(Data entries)
§ §

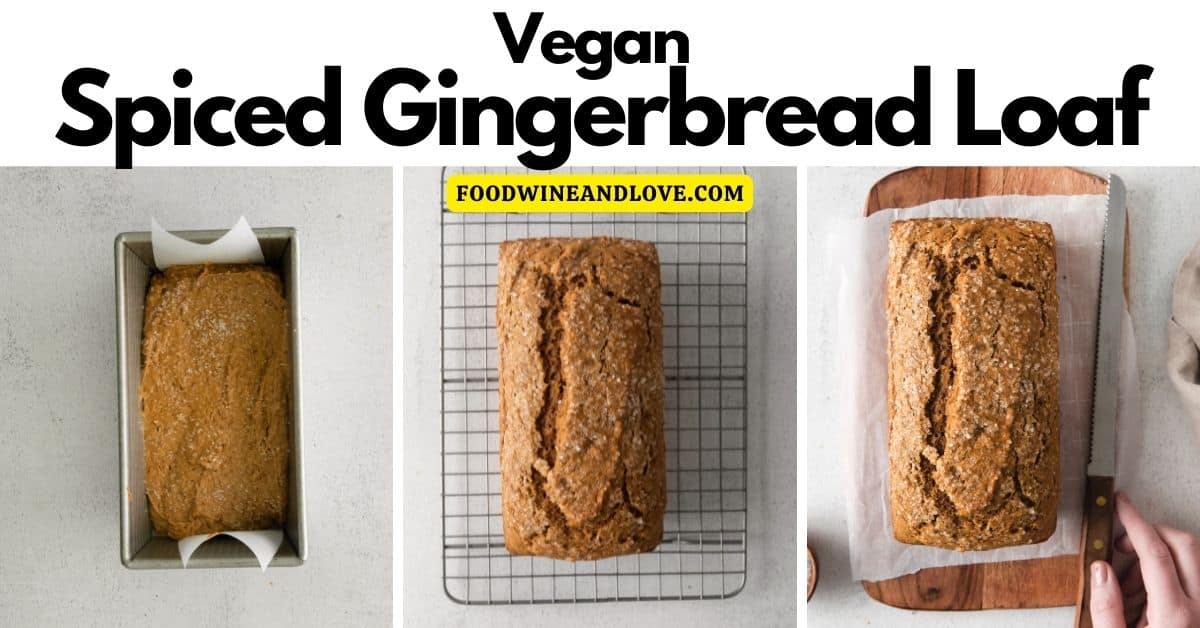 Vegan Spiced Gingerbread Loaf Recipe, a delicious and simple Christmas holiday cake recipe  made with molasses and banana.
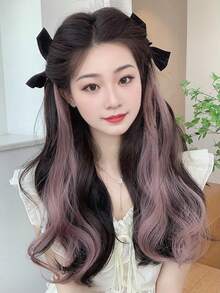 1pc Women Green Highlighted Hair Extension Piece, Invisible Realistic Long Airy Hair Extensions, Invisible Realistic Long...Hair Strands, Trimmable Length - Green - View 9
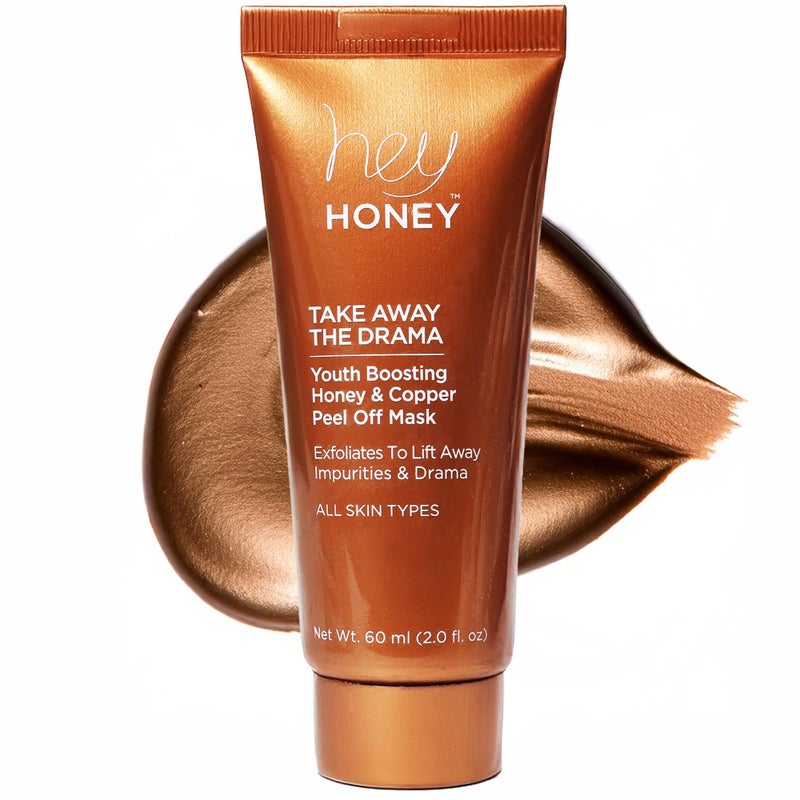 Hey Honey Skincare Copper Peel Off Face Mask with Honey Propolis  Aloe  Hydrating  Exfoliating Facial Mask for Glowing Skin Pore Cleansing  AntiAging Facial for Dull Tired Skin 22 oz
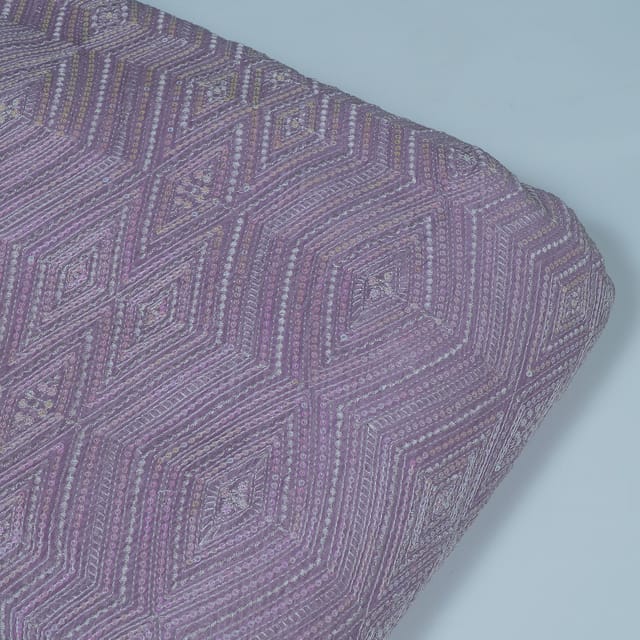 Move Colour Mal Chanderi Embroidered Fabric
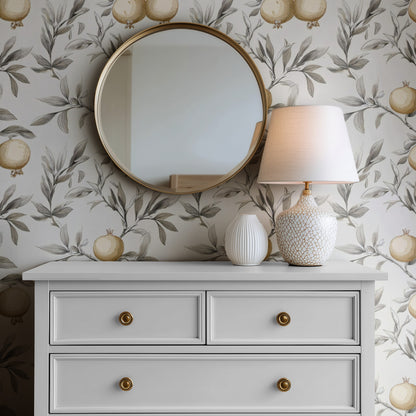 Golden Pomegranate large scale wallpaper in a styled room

§ §

* **WORK INSTRUCTIONS**
The records above should be retyped in full and exactly; omit the pictures.

* **ANSWER BELOW**
 Vegan Spiced Gingerbread Loaf Recipe, a delicious and simple Christmas holiday cake recipe  made with molasses and banana.
 1pc Women Green Highlighted Hair Extension Piece, Invisible Realistic Long Airy Hair Extensions, Invisible Realistic Long...Hair Strands, Trimmable Length - Green - View 9
 Hey Honey Skincare Copper Peel Off Face Mask with Honey Propolis  Aloe  Hydrating  Exfoliating Facial Mask for Glowing Skin Pore Cleansing  AntiAging Facial for Dull Tired Skin 22 oz
 Move Colour Mal Chanderi Embroidered Fabric
 Golden Pomegranate large scale wallpaper in a styled room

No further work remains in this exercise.